Кашу подала старухе Люся, не отпуская кружку, чтобы мать не выронила её на себя. Старуха пила маленькими, осторожными глотками, отхлебнёт два раза и отдохнёт, ещё отхлебнёт и ещё отдохнет. И отпила-то как грудной ребёнок, не больше, а уж откинулась, изнемогла, махнула на кружку рукой, чтобы убрали, и долго ещё не могла отдышаться:
- Ой, задохнулась вся. Хуже работы. У меня и животишко-то уж в узелок завязался. Где же его растянешь?
- Ничего, мама, ничего, - сказала Люся. - Так и надо. Сейчас желудок перегружать сразу нельзя. Мало ли что. Пусть он сначала это переварит, потом можно ещё попить.

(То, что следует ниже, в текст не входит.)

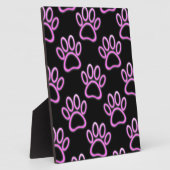 Roze Neon Dog Paw Print Fotoplaat (Zijkant)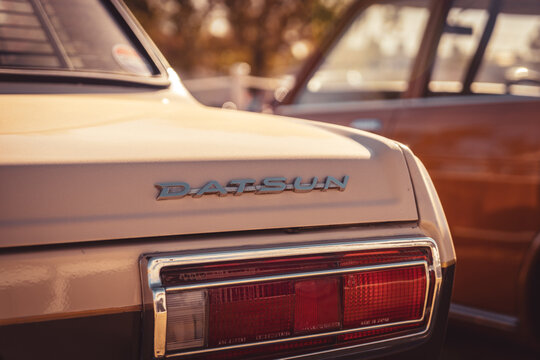 Melbourne, VIC, Australia - Mar 13, 2015: Tail side of the classic Datsun car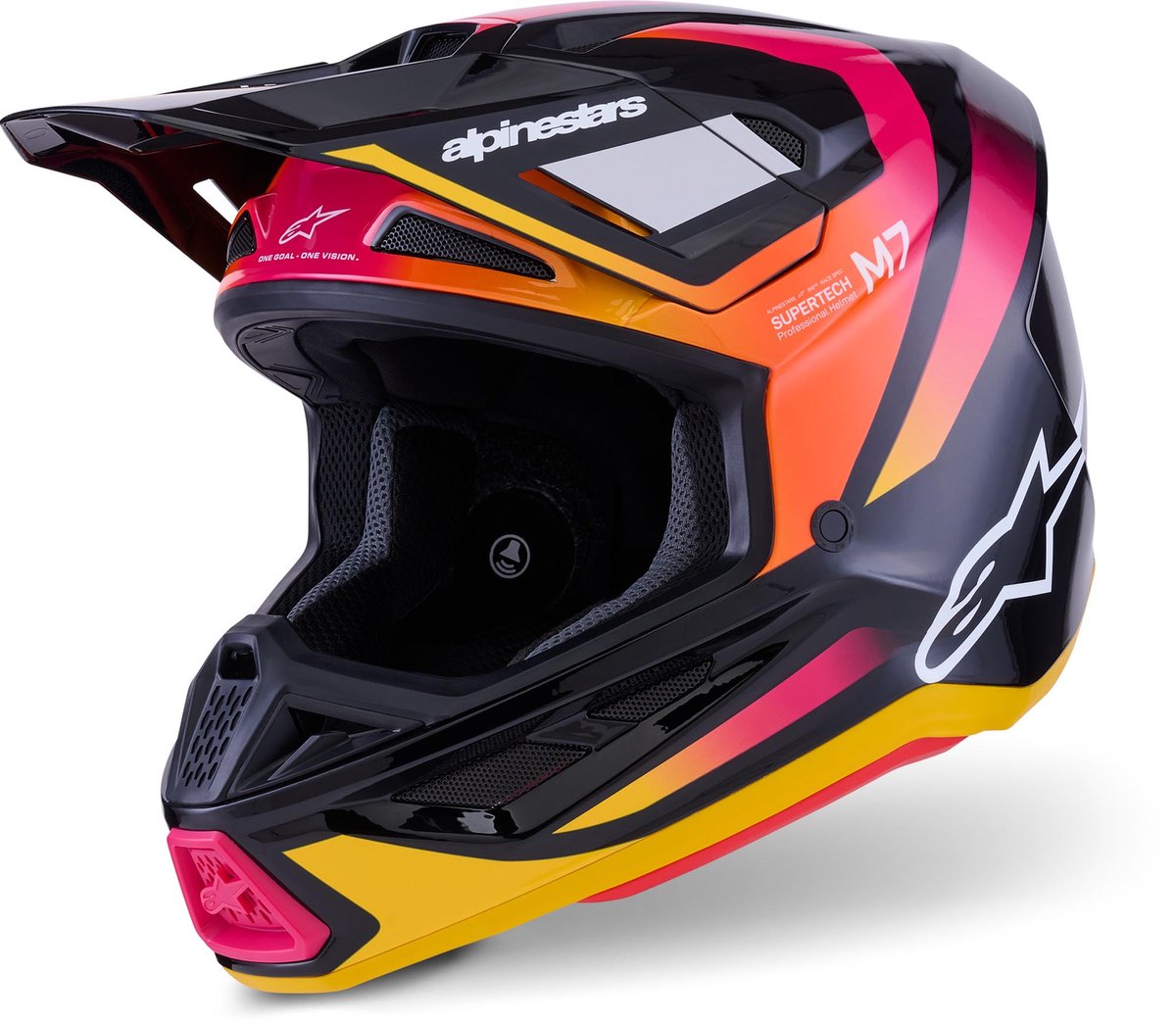 Alpinestars S-M7 Rise Zwart Roze Crosshelm - Helm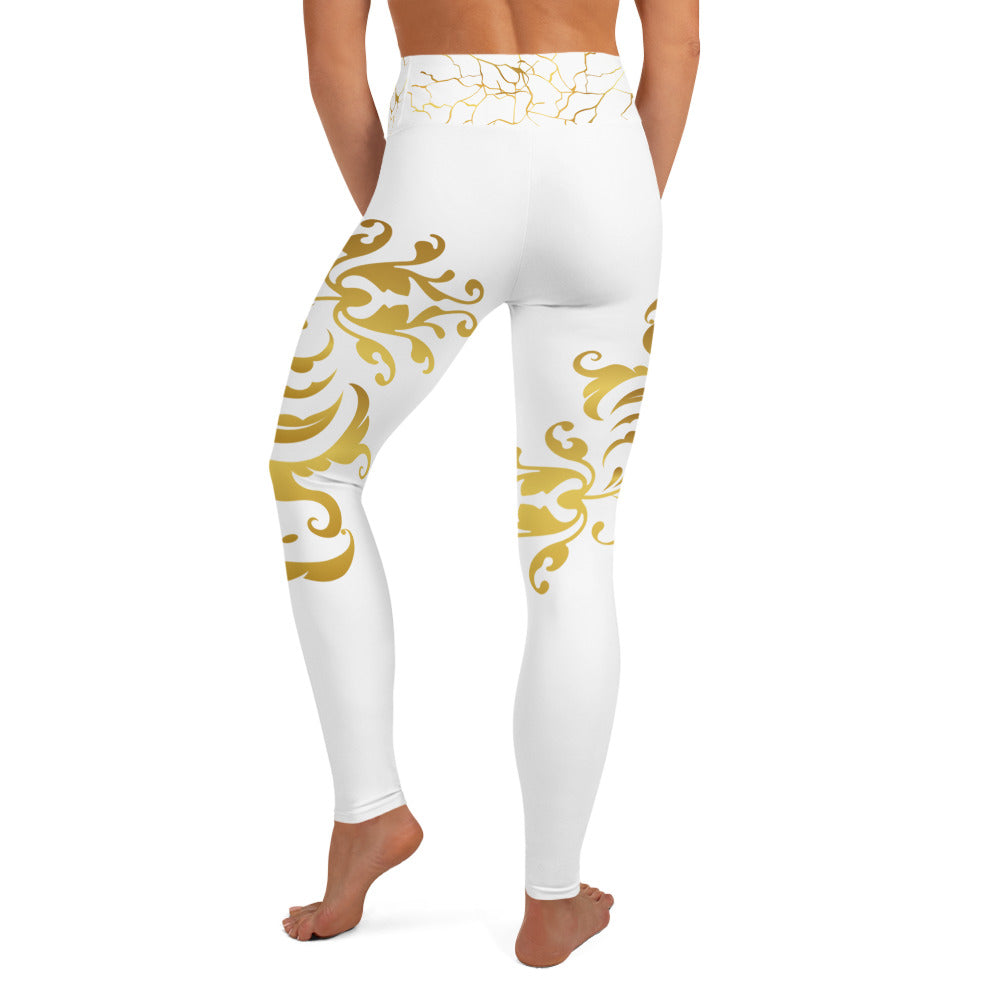 Legging de Yoga Prestige™ Blanc et Or Floraison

- Животишко-то уж в узелок завязался, - с горькой радостью повторила старуха. - Думал, па-е-хали, Анна Степанна, на новую фатеру. Па-е-ехали с орехами. - Налаживая дыхание, она невидяще смотрела куда-то вверх, и оттого казалось, что она бредит. - А я-то бесстыжая, омманула его, назадь повернула, а тепери над им же и изгаляюсь, кашу в его толкаю. А куды ему мою кашу, сама бы подумала.
Воздуха ей не хватило, и она закашлялась. Люся торопливо сказала:
- Тебе нельзя, мама, говорить так много. Ты ещё совсем слабая.
- Молчать ли чё ли, буду? - куражливо ответила старуха. - В кои веки ребят своих вижу - и молчком? - Они все были тут, возле неё, она обвела их неверным и всё-таки гордым взглядом и уже спокойнее, сохраняя силы, продолжала: - Меня будто в бок кто толкнул: ребяты приехали. Нет, думаю, я сперва на ребят на своих погляжу, а уж после помру - боле мине ниче-о не надо.
Говорить ей всё же было трудно, она поневоле умолкла. Но радость от того, что она видит перед собой своих ребят, не давала ей отдохнуть, билась в лицо, шевелила руки, грудь, забивала горло. Они все были возле матери и, чтобы она не отзывалась им, тоже молчали, берегли её. Старуха несколько раз принималась плакать, глядела на них суматошно и нетерпеливо, вздрагивая маленькой головой, когда переводила глаза с одного на другого, и только узнавала их: это Илья, это Варвара, это Люся, но от слёз ли, или глаза сами по себе видели ещё плохо, не могла рассмотреть их как следует и от этого сердилась на себя. Ей вдруг опять пришло в голову, что всё вокруг неё неправда - сон или видение, последнее воспоминание о прожитой жизни, - потому и стоит перед глазами туман.